• _What is expected_:
I would like each line of the data that holds the word "Honda" copied out.

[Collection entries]

● ● ● ●

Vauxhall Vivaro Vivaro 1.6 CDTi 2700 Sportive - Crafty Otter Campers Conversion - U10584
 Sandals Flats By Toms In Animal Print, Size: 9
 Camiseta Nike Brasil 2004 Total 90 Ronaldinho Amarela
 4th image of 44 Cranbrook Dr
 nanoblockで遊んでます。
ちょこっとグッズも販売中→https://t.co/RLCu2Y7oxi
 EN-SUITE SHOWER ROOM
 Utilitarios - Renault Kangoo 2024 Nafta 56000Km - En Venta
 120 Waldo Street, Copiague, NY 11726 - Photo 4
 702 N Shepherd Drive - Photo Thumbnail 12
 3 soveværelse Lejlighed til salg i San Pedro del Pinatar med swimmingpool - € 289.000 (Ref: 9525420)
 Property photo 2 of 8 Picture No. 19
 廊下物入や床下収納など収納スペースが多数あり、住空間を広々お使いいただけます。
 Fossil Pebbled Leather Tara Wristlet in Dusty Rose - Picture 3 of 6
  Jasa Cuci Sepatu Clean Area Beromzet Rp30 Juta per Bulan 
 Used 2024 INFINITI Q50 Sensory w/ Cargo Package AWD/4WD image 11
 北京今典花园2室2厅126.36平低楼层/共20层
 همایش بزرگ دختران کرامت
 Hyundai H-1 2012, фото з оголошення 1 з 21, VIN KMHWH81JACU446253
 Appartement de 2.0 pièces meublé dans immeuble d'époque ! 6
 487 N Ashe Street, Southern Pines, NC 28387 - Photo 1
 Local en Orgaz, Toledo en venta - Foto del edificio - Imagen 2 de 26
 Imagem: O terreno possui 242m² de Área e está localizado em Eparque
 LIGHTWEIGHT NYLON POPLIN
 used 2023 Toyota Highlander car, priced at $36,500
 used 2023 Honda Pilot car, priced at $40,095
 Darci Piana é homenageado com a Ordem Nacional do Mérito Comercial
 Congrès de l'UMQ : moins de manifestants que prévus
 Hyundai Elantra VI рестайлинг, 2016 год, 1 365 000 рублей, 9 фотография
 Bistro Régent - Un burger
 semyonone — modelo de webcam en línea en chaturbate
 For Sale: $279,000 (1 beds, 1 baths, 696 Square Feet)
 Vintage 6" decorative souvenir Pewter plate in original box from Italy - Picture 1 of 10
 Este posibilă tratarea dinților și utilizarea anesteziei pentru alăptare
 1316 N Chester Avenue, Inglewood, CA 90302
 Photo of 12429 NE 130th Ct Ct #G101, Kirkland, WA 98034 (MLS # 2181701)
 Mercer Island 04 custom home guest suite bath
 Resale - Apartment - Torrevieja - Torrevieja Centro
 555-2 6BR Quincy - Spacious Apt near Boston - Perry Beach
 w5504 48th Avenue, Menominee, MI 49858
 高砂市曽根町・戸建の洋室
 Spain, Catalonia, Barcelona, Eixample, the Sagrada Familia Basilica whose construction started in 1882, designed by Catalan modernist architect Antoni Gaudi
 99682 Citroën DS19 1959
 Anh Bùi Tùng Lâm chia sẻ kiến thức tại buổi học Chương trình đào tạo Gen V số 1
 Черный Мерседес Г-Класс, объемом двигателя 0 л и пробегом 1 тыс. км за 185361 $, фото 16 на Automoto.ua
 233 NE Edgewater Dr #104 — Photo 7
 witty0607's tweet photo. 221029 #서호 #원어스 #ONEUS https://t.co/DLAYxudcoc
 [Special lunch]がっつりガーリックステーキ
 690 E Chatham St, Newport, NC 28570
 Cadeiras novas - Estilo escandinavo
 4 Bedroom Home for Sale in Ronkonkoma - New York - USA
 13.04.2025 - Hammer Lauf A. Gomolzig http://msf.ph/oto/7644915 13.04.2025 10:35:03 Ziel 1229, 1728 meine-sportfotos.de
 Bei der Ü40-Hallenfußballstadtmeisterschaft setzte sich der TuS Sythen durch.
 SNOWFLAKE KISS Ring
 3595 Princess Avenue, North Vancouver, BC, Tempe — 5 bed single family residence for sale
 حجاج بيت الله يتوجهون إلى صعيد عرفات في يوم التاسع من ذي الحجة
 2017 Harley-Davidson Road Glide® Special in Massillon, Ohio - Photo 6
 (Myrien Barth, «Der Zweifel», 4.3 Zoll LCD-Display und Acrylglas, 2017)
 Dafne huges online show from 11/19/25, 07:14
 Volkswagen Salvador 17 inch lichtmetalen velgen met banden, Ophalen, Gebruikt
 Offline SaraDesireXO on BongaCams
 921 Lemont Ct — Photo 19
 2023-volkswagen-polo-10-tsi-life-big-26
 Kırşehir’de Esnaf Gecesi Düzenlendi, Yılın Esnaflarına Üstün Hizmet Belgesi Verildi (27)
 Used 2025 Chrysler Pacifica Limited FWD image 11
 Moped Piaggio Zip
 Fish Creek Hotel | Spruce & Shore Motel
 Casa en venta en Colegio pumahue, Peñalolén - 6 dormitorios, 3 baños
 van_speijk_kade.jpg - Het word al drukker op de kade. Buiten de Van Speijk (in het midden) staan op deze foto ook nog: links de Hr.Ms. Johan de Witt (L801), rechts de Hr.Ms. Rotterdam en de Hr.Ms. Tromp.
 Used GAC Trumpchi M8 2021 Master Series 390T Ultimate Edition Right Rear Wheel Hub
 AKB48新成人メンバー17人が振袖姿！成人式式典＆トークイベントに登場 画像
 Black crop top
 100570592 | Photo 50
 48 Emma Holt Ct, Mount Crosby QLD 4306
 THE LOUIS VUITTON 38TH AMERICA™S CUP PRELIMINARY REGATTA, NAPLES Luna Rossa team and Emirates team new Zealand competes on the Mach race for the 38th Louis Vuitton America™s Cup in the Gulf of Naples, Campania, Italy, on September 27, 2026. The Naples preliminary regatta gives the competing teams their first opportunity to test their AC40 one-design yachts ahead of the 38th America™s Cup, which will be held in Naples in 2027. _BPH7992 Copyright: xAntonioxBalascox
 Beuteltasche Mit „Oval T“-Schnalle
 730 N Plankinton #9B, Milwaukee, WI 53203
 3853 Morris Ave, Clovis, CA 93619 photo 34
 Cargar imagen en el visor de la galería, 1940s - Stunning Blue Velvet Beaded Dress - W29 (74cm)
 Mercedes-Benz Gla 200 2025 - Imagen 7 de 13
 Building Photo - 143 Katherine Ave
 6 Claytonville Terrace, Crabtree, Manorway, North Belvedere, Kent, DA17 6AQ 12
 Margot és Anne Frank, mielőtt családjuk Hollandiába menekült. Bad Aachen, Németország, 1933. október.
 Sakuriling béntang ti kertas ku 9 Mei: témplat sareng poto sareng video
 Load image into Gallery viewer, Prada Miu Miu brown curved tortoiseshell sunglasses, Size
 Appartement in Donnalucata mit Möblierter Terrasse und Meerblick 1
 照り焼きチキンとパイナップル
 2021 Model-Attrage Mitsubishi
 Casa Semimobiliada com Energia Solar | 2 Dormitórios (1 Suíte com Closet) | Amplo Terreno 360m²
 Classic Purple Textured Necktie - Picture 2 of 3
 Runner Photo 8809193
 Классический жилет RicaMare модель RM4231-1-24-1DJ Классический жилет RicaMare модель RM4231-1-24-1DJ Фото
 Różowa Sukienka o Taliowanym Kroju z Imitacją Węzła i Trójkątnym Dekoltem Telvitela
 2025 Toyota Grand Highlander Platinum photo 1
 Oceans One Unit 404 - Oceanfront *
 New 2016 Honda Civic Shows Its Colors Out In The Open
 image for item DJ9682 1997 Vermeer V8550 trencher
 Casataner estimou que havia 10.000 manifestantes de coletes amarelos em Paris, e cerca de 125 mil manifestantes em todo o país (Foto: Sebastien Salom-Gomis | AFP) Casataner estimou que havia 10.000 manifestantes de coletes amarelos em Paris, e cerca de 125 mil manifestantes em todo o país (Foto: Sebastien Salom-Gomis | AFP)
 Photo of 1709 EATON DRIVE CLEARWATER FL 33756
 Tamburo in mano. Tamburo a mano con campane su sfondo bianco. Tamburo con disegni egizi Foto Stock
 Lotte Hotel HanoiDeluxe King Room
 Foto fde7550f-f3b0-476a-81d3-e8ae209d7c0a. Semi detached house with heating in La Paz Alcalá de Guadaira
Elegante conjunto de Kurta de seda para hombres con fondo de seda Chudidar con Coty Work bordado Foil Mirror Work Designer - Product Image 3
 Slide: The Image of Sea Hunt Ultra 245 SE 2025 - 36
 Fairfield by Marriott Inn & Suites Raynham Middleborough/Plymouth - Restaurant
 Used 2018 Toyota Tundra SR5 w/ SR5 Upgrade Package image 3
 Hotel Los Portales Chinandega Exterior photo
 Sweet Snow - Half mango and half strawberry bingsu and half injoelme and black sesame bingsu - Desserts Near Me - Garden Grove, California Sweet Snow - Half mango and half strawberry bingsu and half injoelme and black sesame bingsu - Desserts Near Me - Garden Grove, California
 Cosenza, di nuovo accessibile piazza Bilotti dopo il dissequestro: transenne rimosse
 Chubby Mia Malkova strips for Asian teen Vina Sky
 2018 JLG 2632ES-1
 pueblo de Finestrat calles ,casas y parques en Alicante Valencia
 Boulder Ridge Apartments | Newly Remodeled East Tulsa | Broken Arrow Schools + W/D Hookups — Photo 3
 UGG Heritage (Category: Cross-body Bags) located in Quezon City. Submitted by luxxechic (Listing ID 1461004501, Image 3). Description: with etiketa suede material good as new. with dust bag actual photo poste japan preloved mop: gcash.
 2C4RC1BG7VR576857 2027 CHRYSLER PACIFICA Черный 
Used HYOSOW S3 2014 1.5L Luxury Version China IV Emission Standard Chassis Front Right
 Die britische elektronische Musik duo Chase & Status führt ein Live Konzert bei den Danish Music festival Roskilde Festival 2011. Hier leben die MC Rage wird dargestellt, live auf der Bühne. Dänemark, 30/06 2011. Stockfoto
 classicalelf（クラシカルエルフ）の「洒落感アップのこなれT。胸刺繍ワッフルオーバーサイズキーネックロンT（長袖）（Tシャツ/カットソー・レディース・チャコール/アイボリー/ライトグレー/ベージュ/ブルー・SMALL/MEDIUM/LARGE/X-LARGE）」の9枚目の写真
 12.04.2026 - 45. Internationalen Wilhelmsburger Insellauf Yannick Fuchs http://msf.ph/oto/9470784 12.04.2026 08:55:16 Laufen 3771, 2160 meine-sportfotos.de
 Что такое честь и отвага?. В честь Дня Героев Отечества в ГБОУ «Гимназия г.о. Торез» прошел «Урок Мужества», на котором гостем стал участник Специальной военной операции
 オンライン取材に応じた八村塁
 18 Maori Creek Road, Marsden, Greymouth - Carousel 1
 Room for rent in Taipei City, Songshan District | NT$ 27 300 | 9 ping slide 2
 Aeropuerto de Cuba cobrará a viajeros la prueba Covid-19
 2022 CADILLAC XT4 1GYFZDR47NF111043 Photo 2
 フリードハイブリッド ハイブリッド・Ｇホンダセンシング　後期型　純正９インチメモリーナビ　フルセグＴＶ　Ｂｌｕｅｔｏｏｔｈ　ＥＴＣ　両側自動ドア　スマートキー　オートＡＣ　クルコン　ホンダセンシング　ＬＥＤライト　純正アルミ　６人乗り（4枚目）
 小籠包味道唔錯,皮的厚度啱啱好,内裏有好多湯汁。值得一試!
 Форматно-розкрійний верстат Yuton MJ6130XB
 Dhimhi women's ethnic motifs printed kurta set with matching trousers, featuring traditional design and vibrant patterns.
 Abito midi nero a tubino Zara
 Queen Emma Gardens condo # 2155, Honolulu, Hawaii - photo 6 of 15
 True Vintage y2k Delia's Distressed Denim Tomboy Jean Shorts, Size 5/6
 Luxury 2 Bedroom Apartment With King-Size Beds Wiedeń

● ● ● ●

• _Output for this task_:
 used 2023 Honda Pilot car, priced at $40,095
 New 2016 Honda Civic Shows Its Colors Out In The Open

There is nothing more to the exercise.